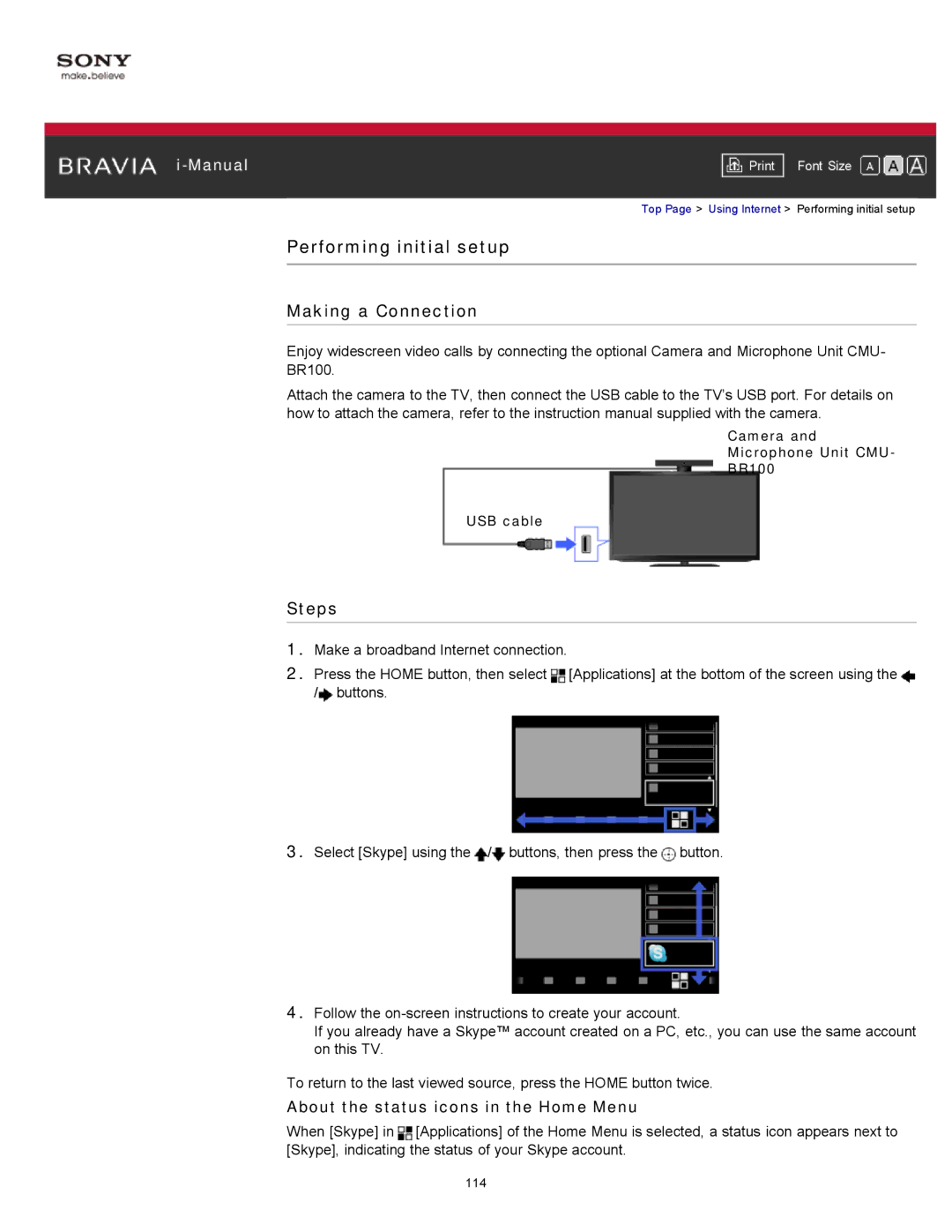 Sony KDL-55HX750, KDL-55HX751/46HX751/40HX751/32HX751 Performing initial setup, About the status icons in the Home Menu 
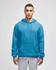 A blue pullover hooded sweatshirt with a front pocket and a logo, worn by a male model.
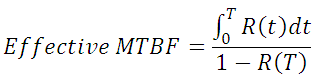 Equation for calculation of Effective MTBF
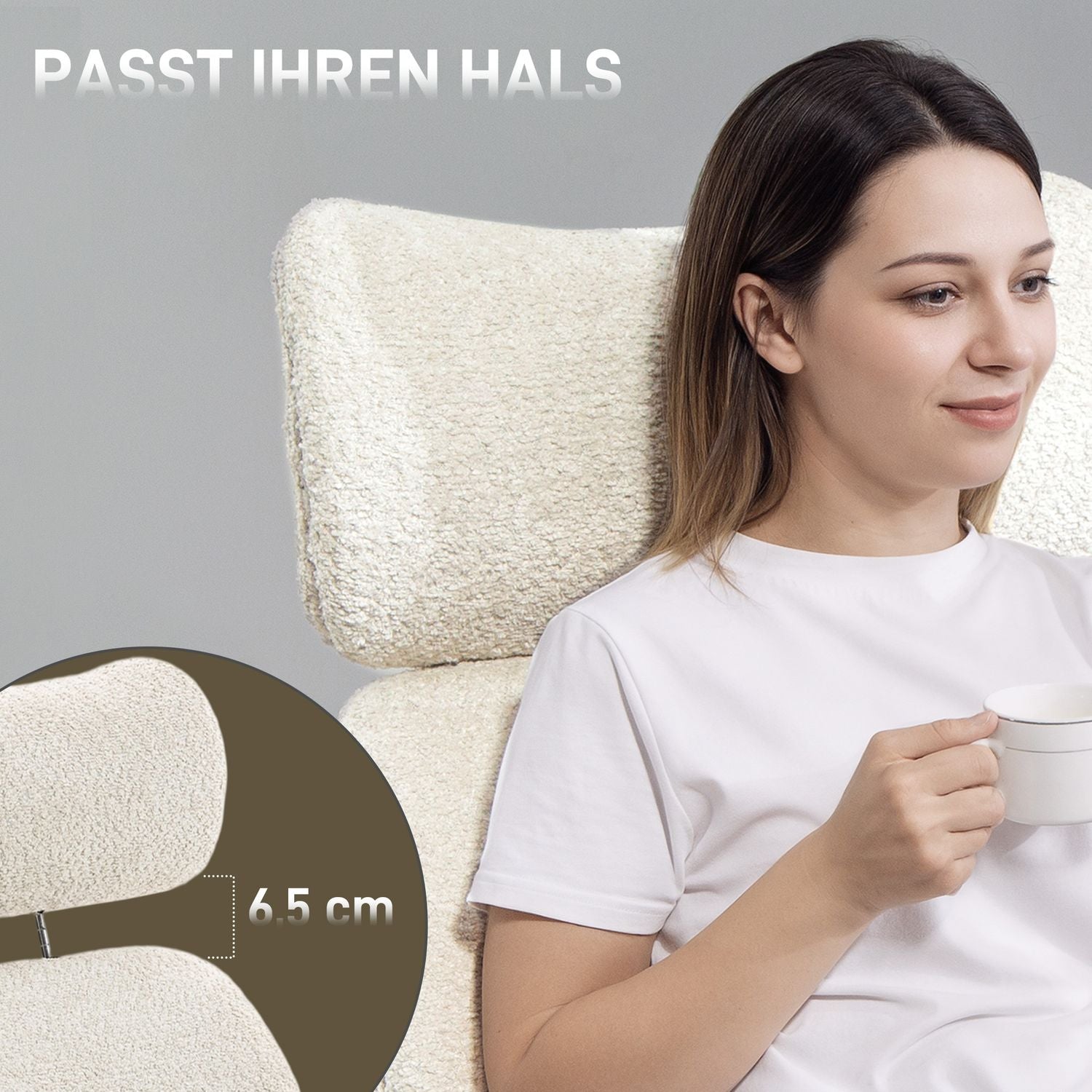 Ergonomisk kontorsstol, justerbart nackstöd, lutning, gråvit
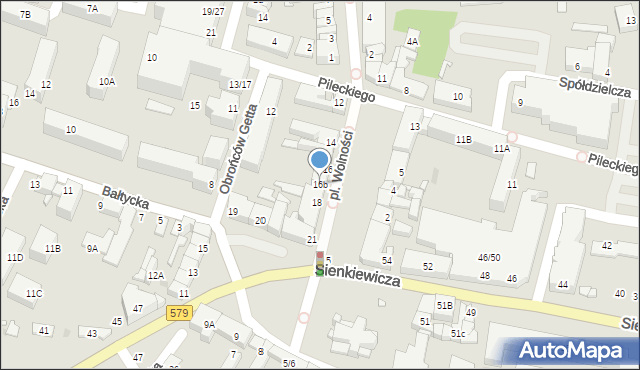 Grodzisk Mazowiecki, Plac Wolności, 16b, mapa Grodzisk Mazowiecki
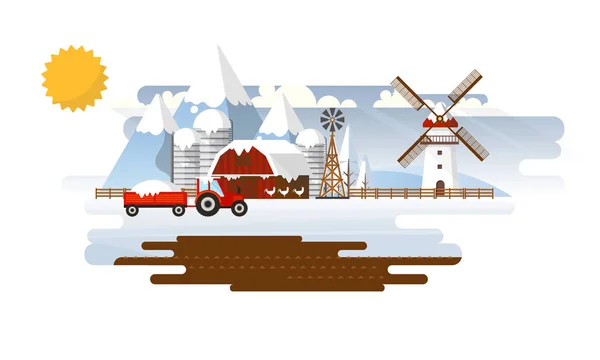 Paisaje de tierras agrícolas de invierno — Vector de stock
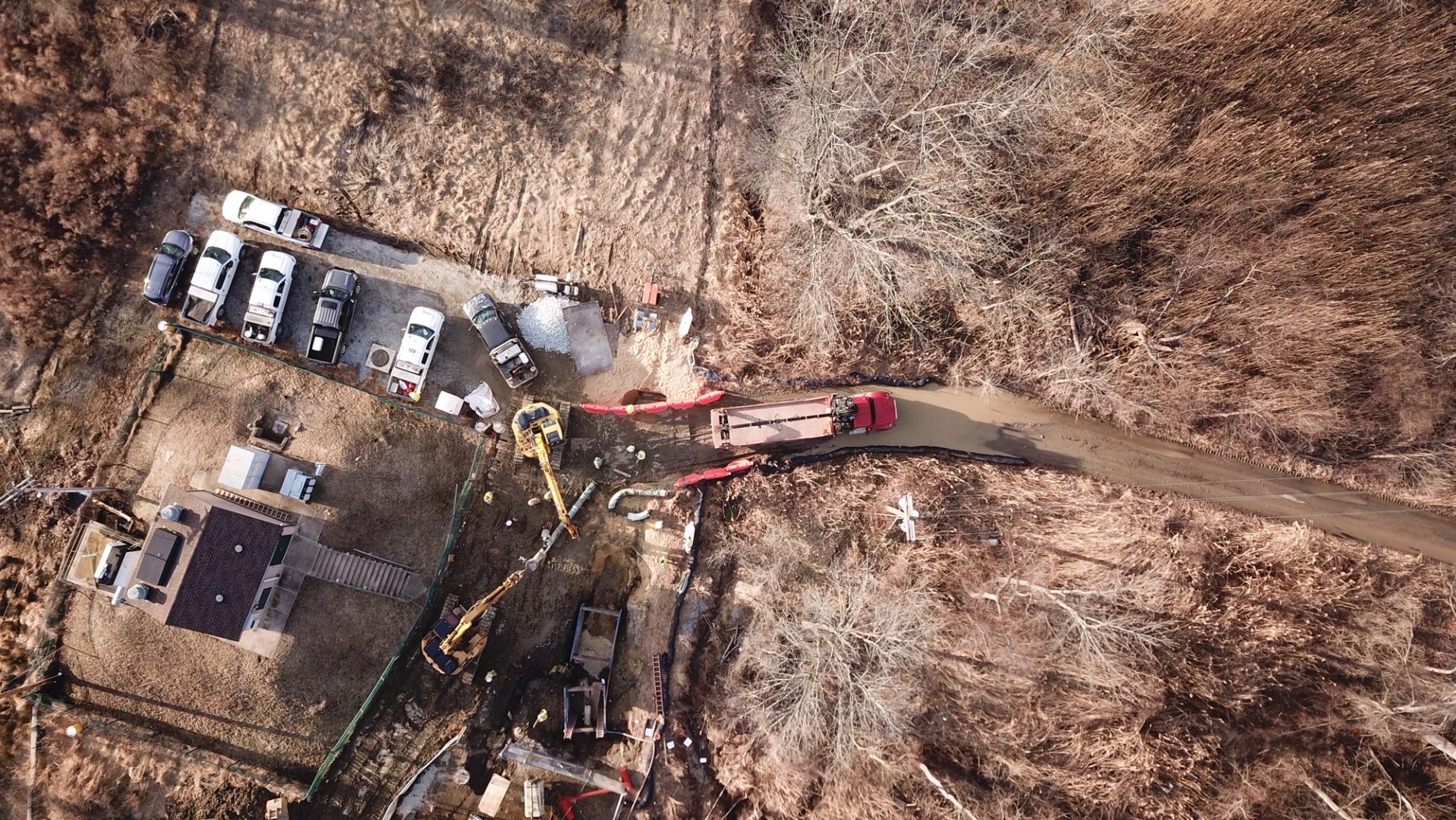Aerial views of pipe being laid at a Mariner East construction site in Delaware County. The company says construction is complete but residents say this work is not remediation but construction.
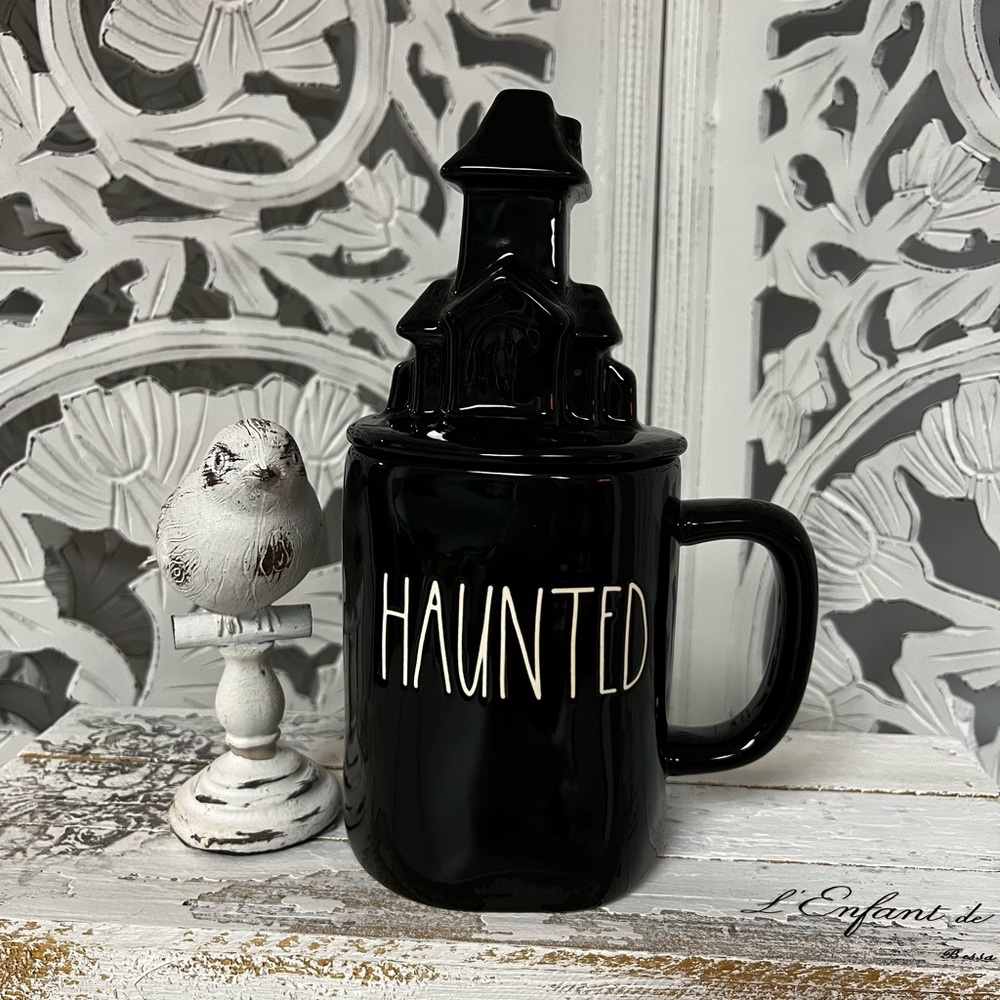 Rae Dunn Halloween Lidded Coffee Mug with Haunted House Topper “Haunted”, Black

§ §

* Exercise brief: Apart from the pictures, write every entry out again exactly.

* Task solution:
 Sony KDL-55HX750, KDL-55HX751/46HX751/40HX751/32HX751 Performing initial setup, About the status icons in the Home Menu 
 A blue pullover hooded sweatshirt with a front pocket and a logo, worn by a male model.
 Equation for calculation of Effective MTBF
 Ergonomisk kontorsstol, justerbart nackstöd, lutning, gråvit
 Grodzisk Mazowiecki, Plac Wolności, 16b, mapa Grodzisk Mazowiecki
 Paisaje de tierras agrícolas de invierno — Vector de stock
Aerial views of pipe being laid at a Mariner East construction site in Delaware County. The company says construction is complete but residents say this work is not remediation but construction.
 Rae Dunn Halloween Lidded Coffee Mug with Haunted House Topper “Haunted”, Black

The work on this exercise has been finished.